**Assignment:** Below is a block of entries; repeat exactly the lines starting at the line that contains "Rule 34 | 1girl, absurdres, animal" and ending at the line that contains "Frempy Grey Floral Crepe Maxi Dress", both included.

[Opening Excerpted data section]

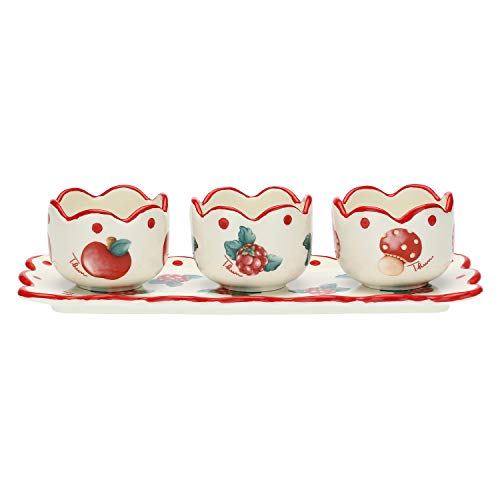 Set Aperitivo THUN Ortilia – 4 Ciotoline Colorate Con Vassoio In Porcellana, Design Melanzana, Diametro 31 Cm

[Closing Excerpted data section]
[Opening Excerpted data section]

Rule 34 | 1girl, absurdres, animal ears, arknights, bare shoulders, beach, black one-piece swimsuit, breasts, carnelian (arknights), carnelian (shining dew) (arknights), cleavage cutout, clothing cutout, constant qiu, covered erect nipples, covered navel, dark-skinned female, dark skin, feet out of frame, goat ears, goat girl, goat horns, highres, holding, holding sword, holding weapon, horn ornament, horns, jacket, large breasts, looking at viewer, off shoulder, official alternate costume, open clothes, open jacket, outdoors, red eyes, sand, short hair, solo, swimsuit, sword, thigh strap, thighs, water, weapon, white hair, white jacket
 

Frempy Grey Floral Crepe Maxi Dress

[Closing Excerpted data section]
[Opening Excerpted data section]

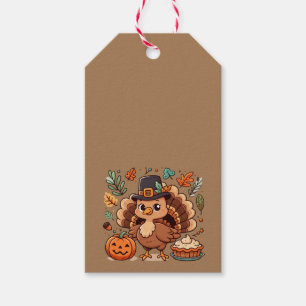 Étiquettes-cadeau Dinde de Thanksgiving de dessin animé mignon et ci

[Closing Excerpted data section]

**Response:**
Rule 34 | 1girl, absurdres, animal ears, arknights, bare shoulders, beach, black one-piece swimsuit, breasts, carnelian (arknights), carnelian (shining dew) (arknights), cleavage cutout, clothing cutout, constant qiu, covered erect nipples, covered navel, dark-skinned female, dark skin, feet out of frame, goat ears, goat girl, goat horns, highres, holding, holding sword, holding weapon, horn ornament, horns, jacket, large breasts, looking at viewer, off shoulder, official alternate costume, open clothes, open jacket, outdoors, red eyes, sand, short hair, solo, swimsuit, sword, thigh strap, thighs, water, weapon, white hair, white jacket
 

Frempy Grey Floral Crepe Maxi Dress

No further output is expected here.